═══ Listed entries ═══
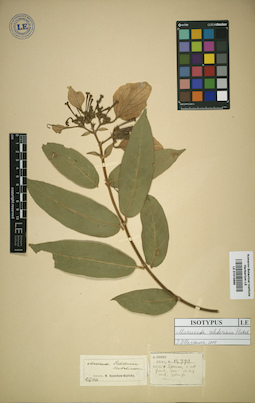 LE 01015899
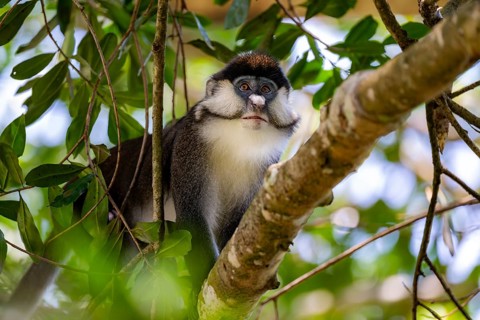 Red-tailed guenon or Congo white-nosed guenon (Cercopithecus ascanius schmidti), sitting on a tree,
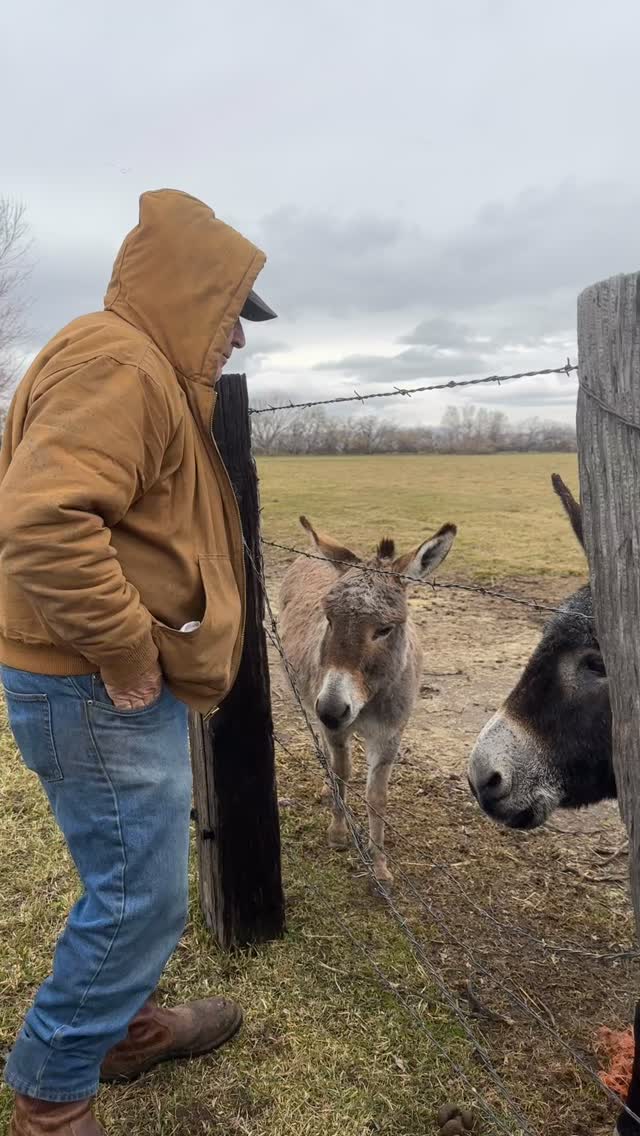 We are dying to bring these ladies to our farm! We need some good names for these senior jennys. Also send me you best new donkey owner wisdom!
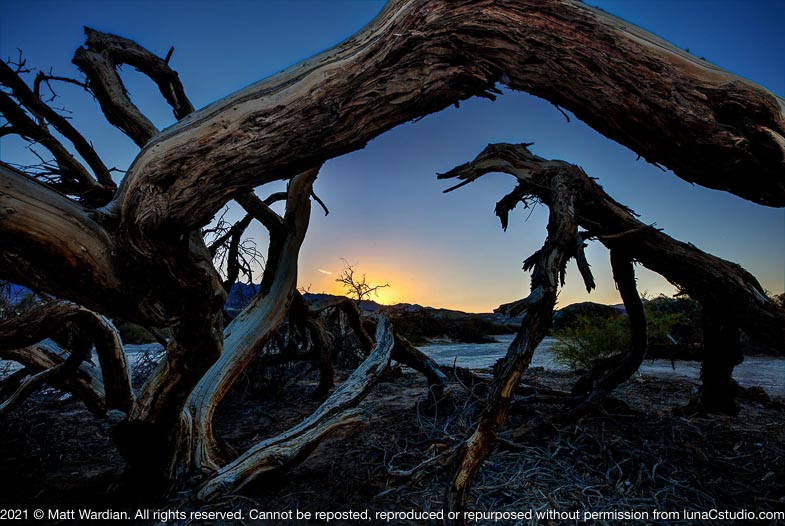 _MG_6317_Death_Valley_sunrise_tree_dinasaur-med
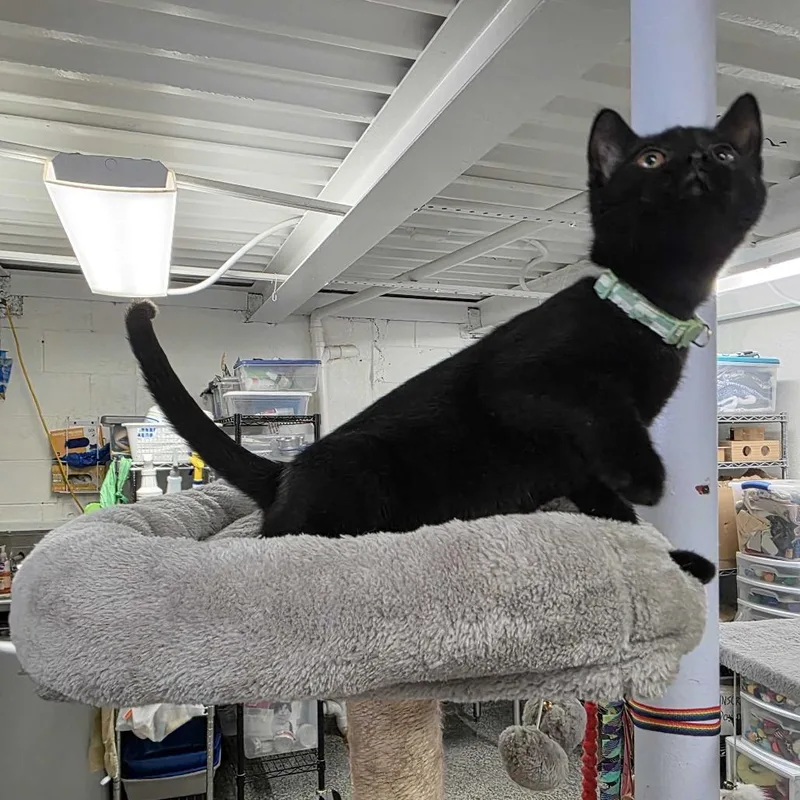 A baby small-sized male Black Domestic Short Hair cat named Austin for adoption in Falls Church, VA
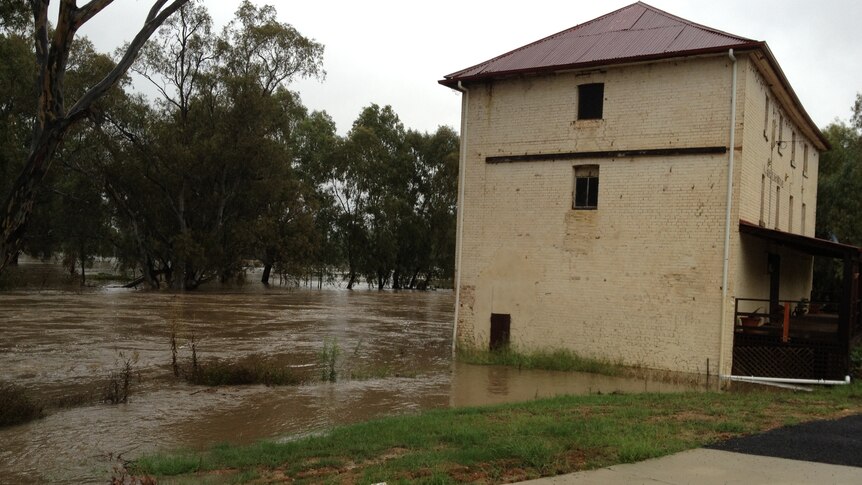 Floodwater surrounds Gundagai's old mill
═══
■ Try it:
Since the pictures are not wanted, transcribe only the rest of the material above, exactly as it stands.

■ Finished task:
 LE 01015899
 Red-tailed guenon or Congo white-nosed guenon (Cercopithecus ascanius schmidti), sitting on a tree,
 We are dying to bring these ladies to our farm! We need some good names for these senior jennys. Also send me you best new donkey owner wisdom!
 _MG_6317_Death_Valley_sunrise_tree_dinasaur-med
 A baby small-sized male Black Domestic Short Hair cat named Austin for adoption in Falls Church, VA
 Floodwater surrounds Gundagai's old mill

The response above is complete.